Try it
Could you print exactly the lines from the one that contains "Maserati sharpens the GranCabrio" to the end of the data, both ends included, and nothing else? Skip the pictures.

Data shown
-- -- --

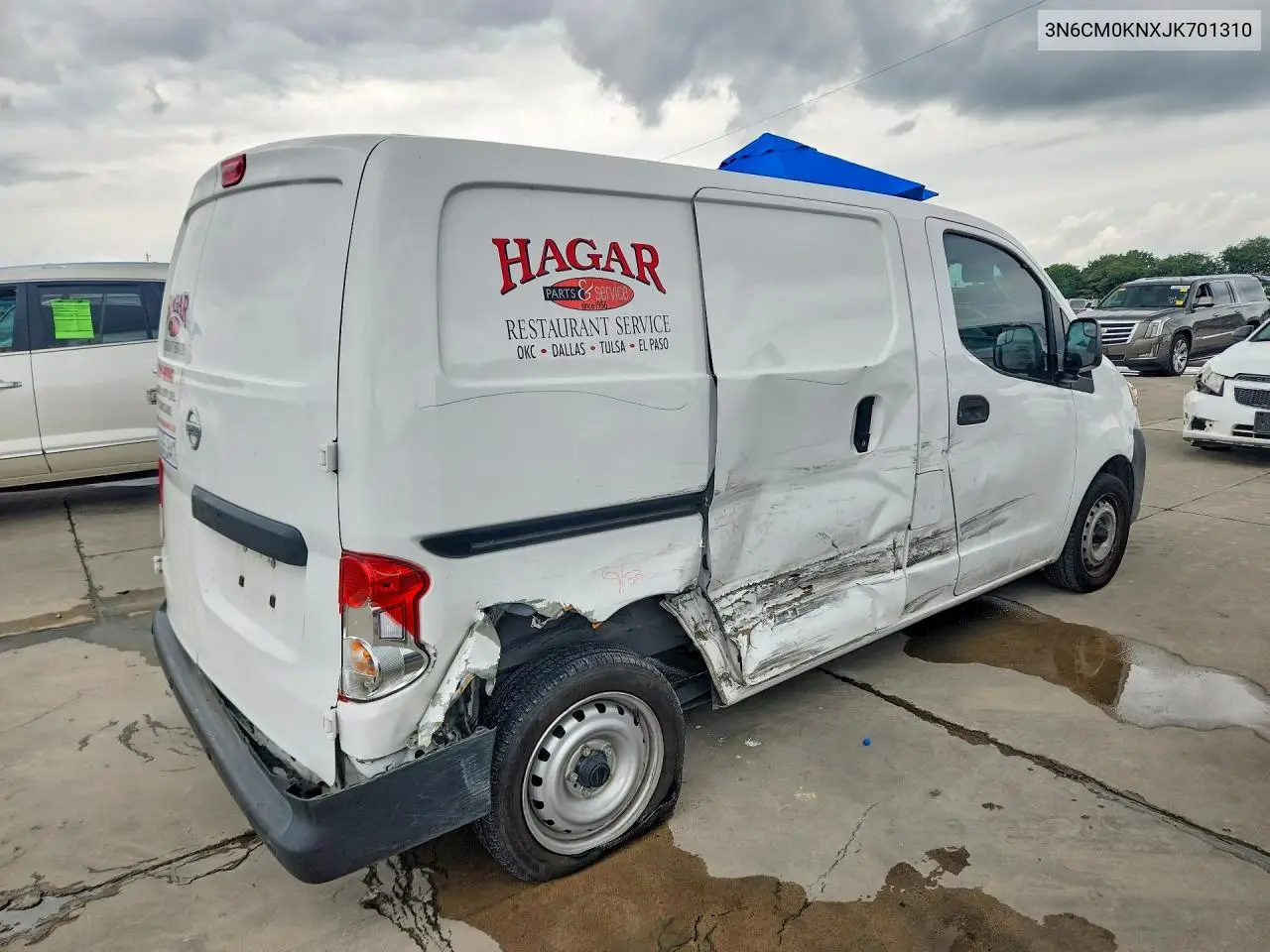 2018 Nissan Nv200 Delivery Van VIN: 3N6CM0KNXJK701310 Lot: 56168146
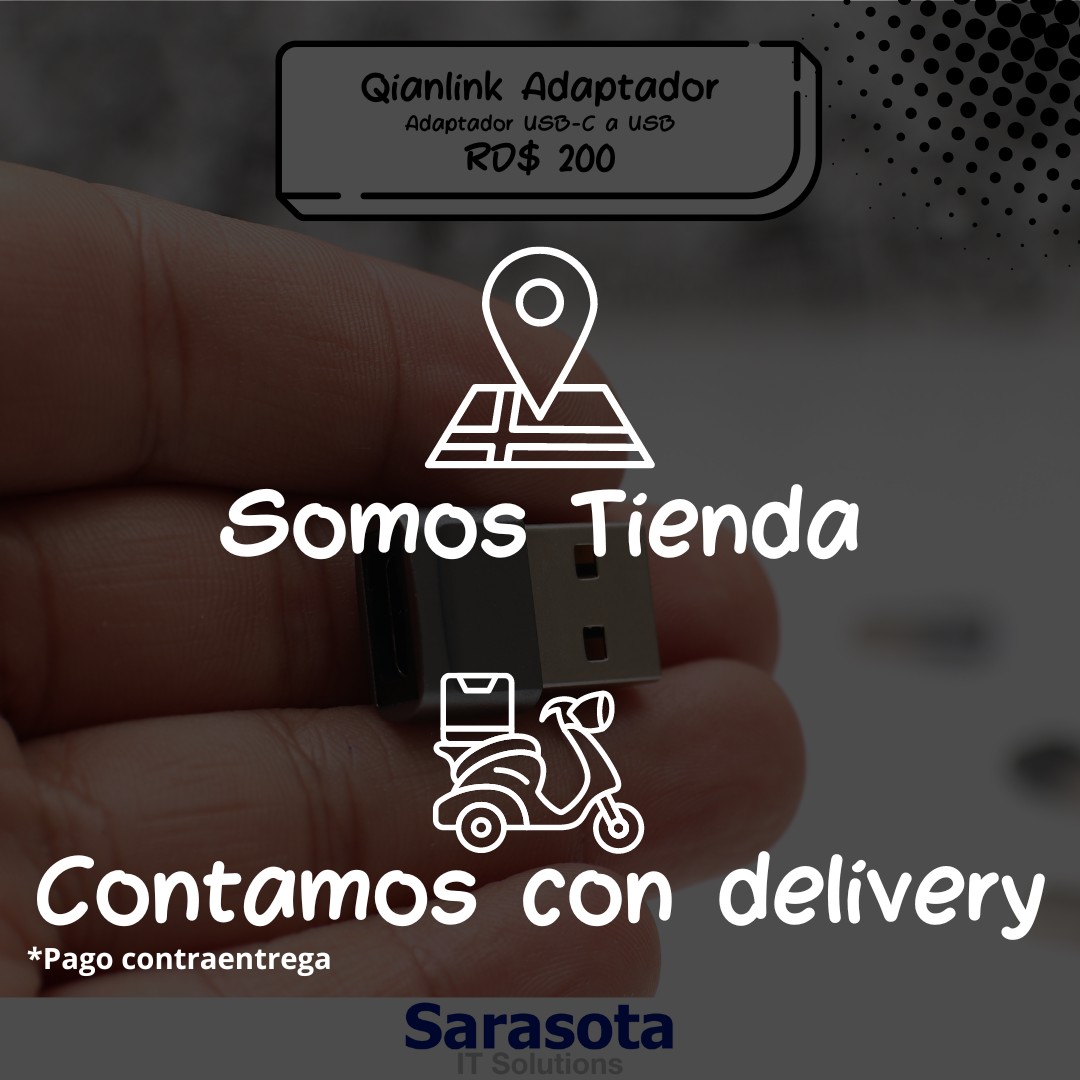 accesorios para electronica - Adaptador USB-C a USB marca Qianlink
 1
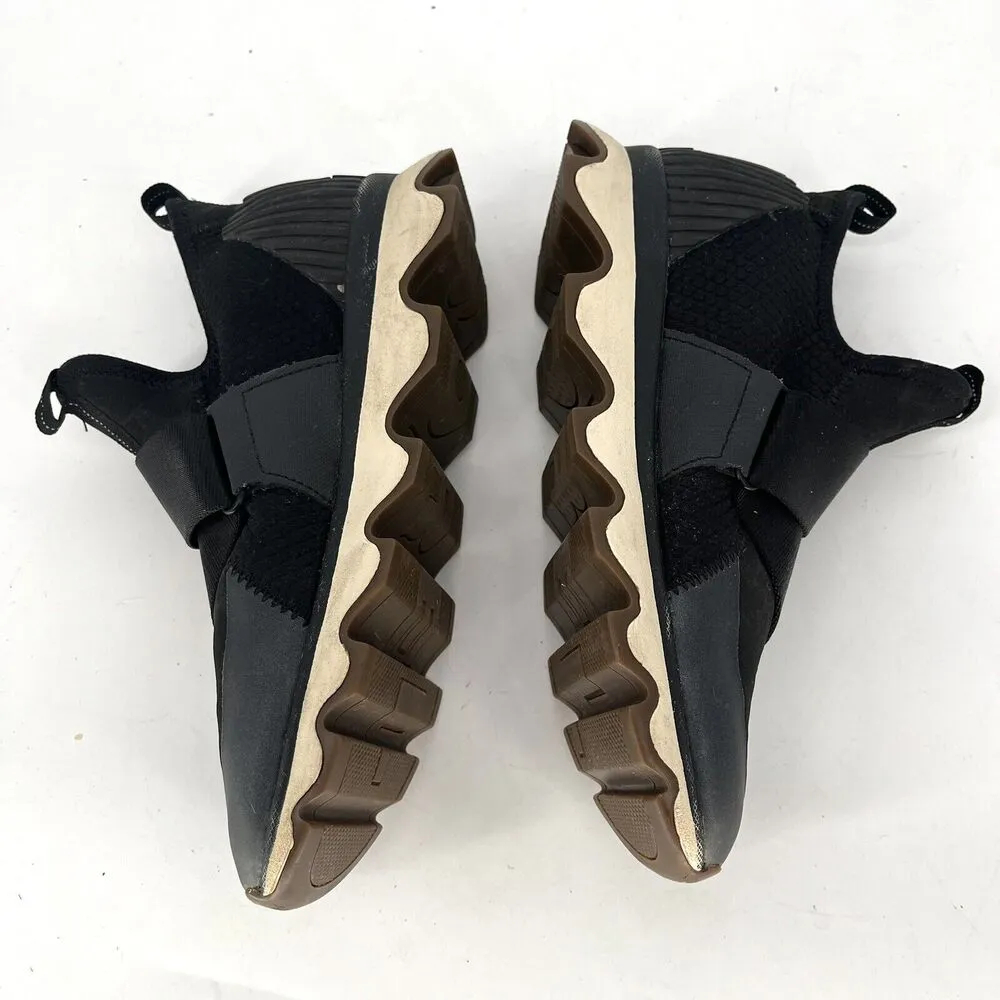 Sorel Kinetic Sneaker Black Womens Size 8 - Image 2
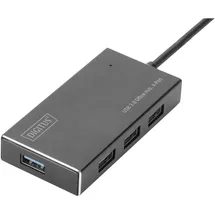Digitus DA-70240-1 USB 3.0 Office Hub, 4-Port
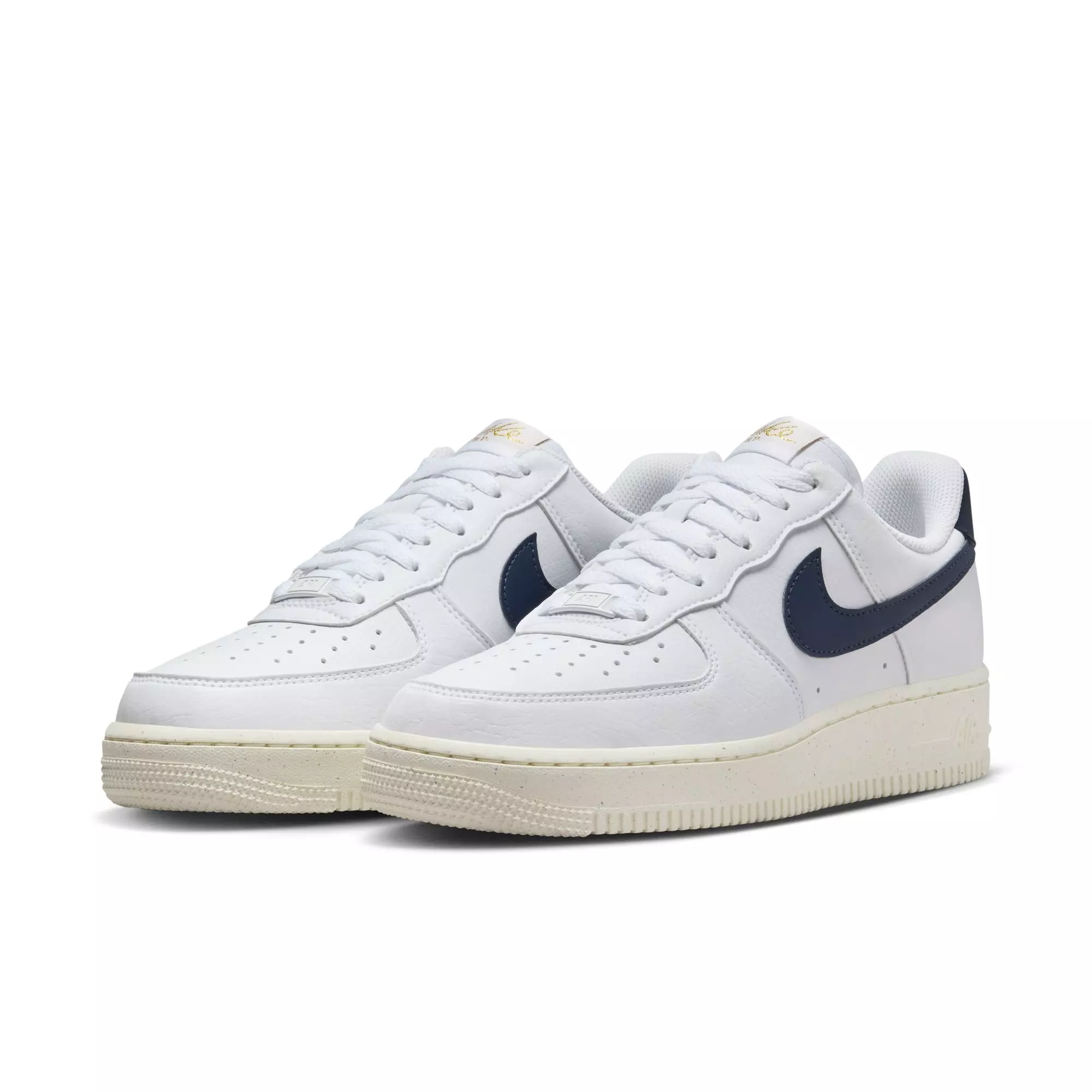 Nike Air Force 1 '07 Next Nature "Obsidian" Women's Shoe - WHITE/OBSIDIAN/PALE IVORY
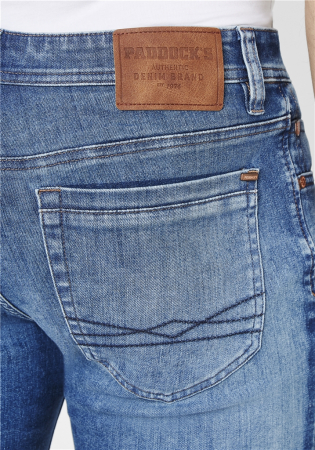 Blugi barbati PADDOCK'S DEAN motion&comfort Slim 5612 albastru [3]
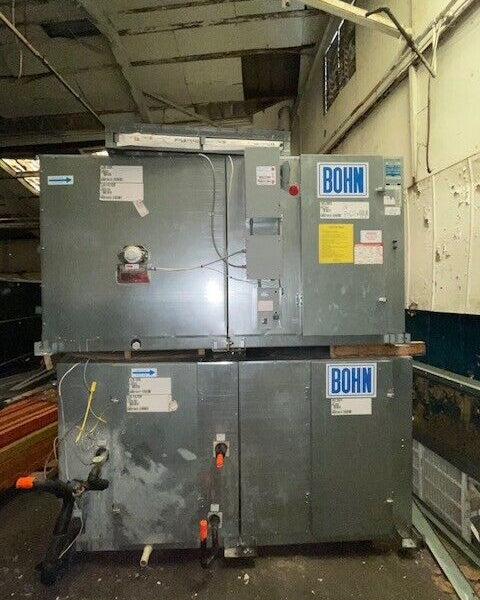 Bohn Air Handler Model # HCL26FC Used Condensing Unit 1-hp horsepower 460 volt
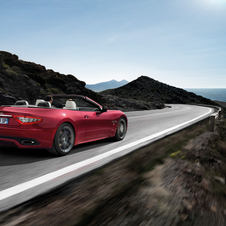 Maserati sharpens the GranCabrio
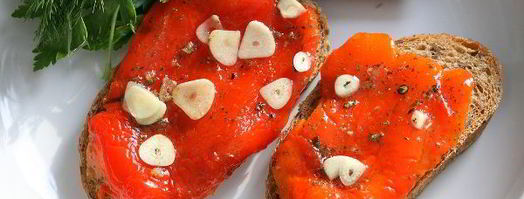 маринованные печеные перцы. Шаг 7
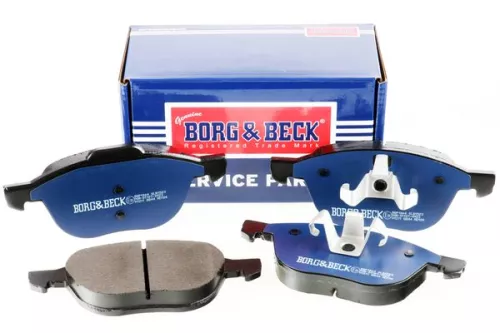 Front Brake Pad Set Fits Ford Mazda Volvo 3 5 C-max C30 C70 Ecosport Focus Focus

-- -- --

Task answer
 Maserati sharpens the GranCabrio
 маринованные печеные перцы. Шаг 7
 Front Brake Pad Set Fits Ford Mazda Volvo 3 5 C-max C30 C70 Ecosport Focus Focus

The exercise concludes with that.